- **EXERCISE DETAILS**:
Look below for the line that has "Load image into"; output exactly from it through the line that has "Pure white bathroom", and leave the pictures out.

- **SUPPLIED MATERIAL**:

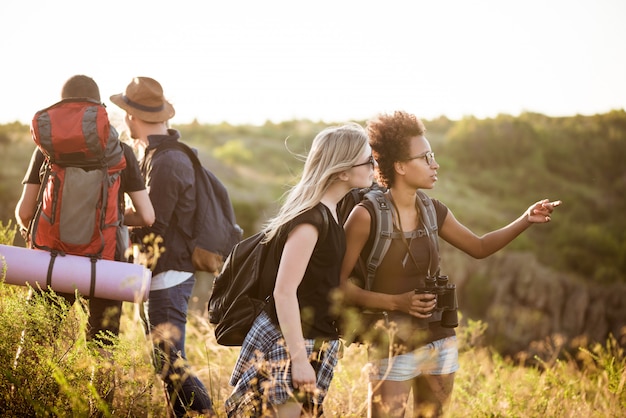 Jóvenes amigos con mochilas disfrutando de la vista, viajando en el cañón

==

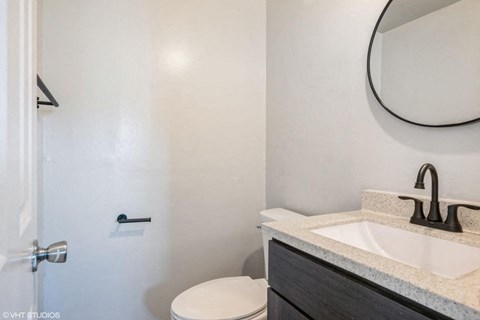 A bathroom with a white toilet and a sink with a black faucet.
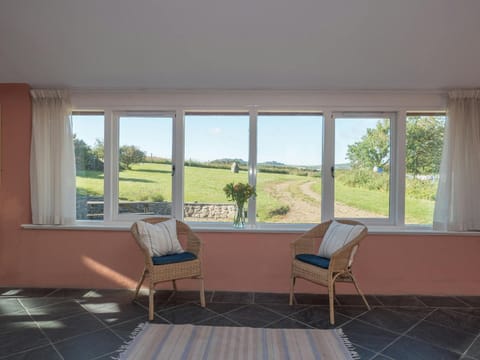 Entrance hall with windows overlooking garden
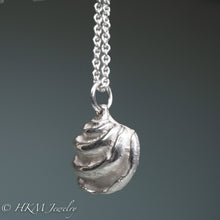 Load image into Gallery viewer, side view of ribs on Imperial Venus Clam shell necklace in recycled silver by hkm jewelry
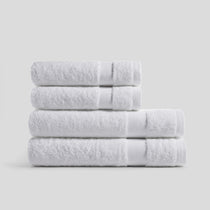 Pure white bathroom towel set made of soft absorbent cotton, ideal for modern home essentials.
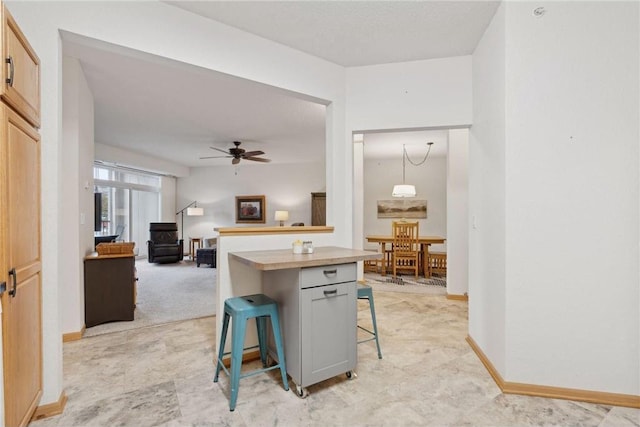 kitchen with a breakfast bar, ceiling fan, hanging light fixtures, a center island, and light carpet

- **THE COMPLETED TASK**:
 Load image into Gallery viewer, side view of ribs on Imperial Venus Clam shell necklace in recycled silver by hkm jewelry
 Pure white bathroom towel set made of soft absorbent cotton, ideal for modern home essentials.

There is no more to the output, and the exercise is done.